An urgent question indeed. Hunteman said in her message that there are several “tells” or giveaways from the first few episodes that showed differences between the map hanging in the gallery and the one that appeared in the show’s credits.
“The primary tell on the one you picture is the Cartographer’s Legend,” Hunteman wrote me. “Yours is much larger and denser in inking. The map on the original air date is finer and lighter. Also, several of the icon images (farmer, miner, houses, etc.) have different substance in regards to sizing and inking.”
Well, there was no questioning the provenance on the map in the gallery: it had come from the family of the originator of the show, who had made a point of keeping this important piece of television history in his own home. The map is a beauty, hand-drawn in intense colors by Robert Temple Ayres, a Paramount employee. And late in 2011, Ayres himself, accompanied by several members of his family, visited his creation at the Autry and authenticated it.
But was there something to Hunteman’s claims?
“I think she is right that the version used in the original episodes is slightly different,” said Jeffrey Richardson, the Autry’s Gamble curator of Western history, popular culture, and firearms, who was closely involved with bringing the map to the Autry. “The map we have is the original production painting. Like all original production art, the final product used is a variation of the original piece.”
Richardson pointed out that another Autry exhibit, a Norman Rockwell painting used for the promotion of the Gary Cooper movie Along Came Jones (1945), also differs in minor details from the image used in the posters that advertised it.

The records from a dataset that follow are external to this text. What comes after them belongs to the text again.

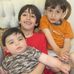 Profile Picture of Saideh Farhoumand (@saideh.farhoumand) on Facebook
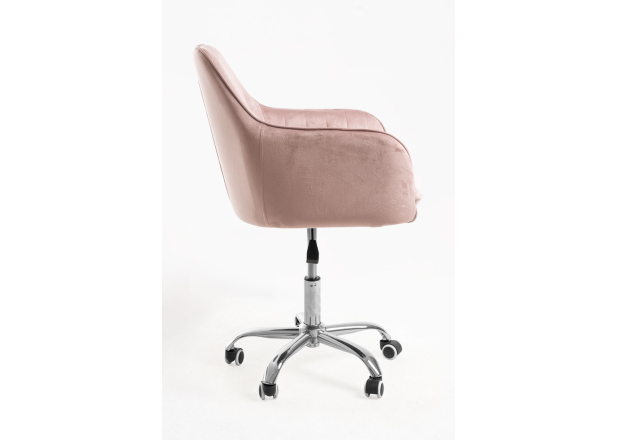 Silla Reby Office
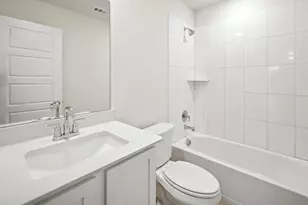 407 Carthage St, Caddo Mills, TX 75135 - Photo 6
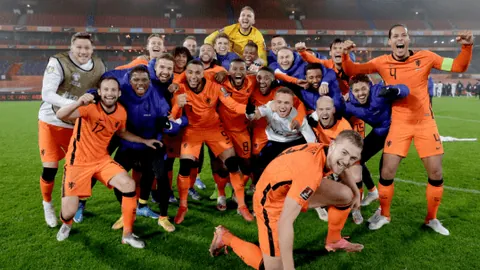 《空之轨迹》重制背后的故事：近藤社长深情对话，粉丝期待与人才培养双赢秘籍揭晓！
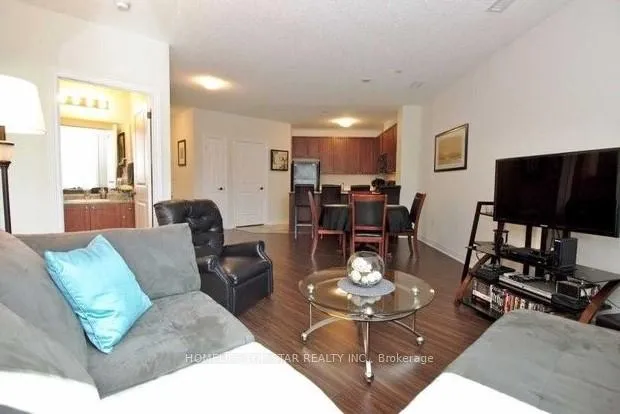 Photo 11 of Unit 110, 7400 Markham Road, Markham, Middlefield — HOMEH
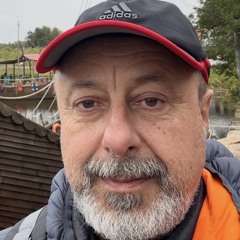 Captain Flint Project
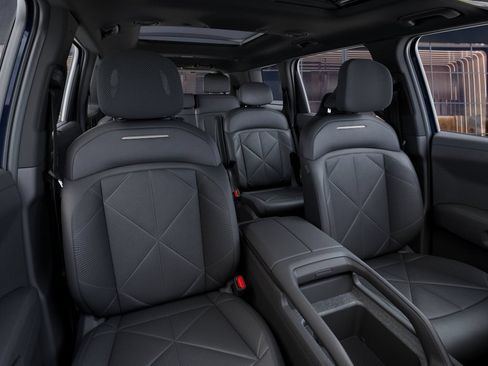 New 2027 Kia Telluride SX w/ Towing Package FWD image 15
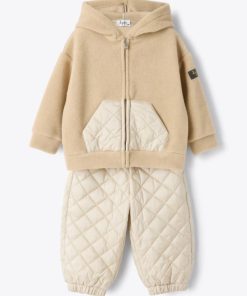 Sundayshower.shop20c605e0e2 1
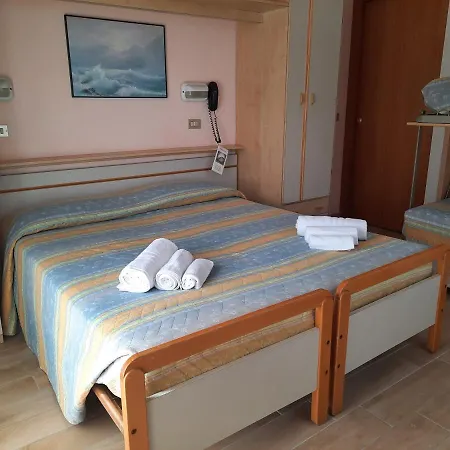 Hotel Colorado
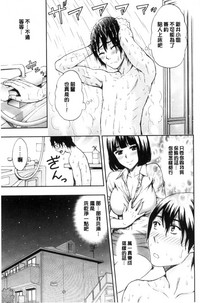 第127頁圖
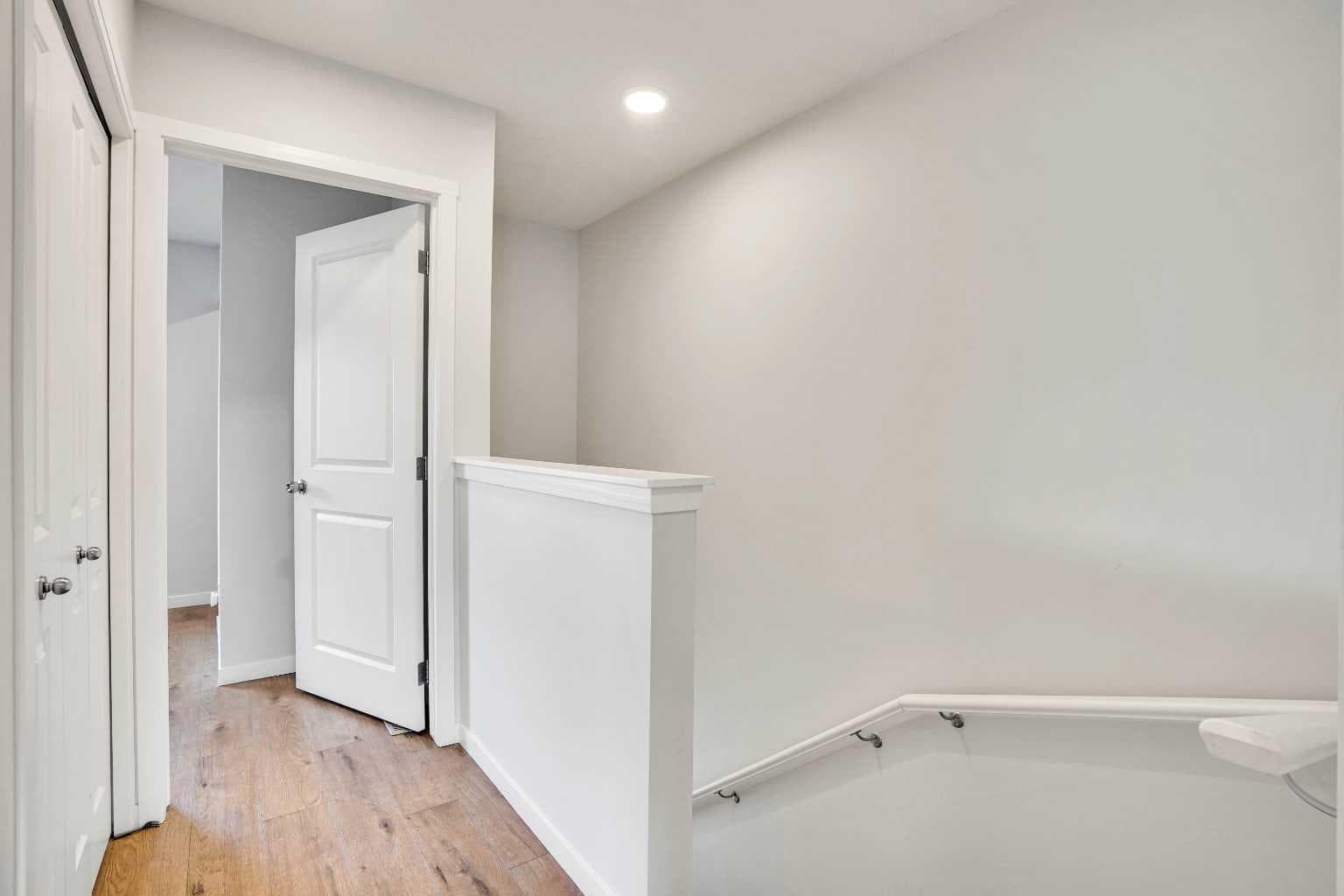 104 Corner Glen Circle NE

Indeed, it’s not unusual for an original piece of art commissioned for a production to suffer minor changes between canvas and Silver Screen. Doug Cumming, a film industry art director who worked on Disturbia (2007), The Kite Runner (2008), and I Am Number Four (2011), said it’s possible many prints or copies of the map were used in making the iconic take in which flames consume the map. And it’s also possible that, for the sake of the take, alterations might have been made, including making features bigger or smaller.
“The one in the credits would have been just one of them,” Cumming said. “They would probably have experimented with different paper to see how it burns. They would have had some that were just blanks to see how the paper would burn and how it would look on film.”
Not to mention the number of takes that might have been required to get just the right kind of photogenic flame.
“There would have been a lot of takes,” he said. “It’s all about how it looks to the camera.”
A sentiment echoed by Ayres himself, when he was asked about the odd orientation of the map. The way it looks on the credits, due north is off in a west-northwest direction and Reno to the west of Carson City — not, as in reality, to the north. To look at the map in its correct orientation, one would have to flip it on its side, with the “horn” of the Ponderosa pointing upward. When Ayres visited the Autry, he acknowledged that accommodations had to be made for camera aesthetics. Hence the oddly pointed compass.
Richardson praised Hunteman’s powers of observation.
“Nice catch by the individual that there are differences with the map shown during season 1,” he said. “But there is no doubt that what we have is the original production painting.”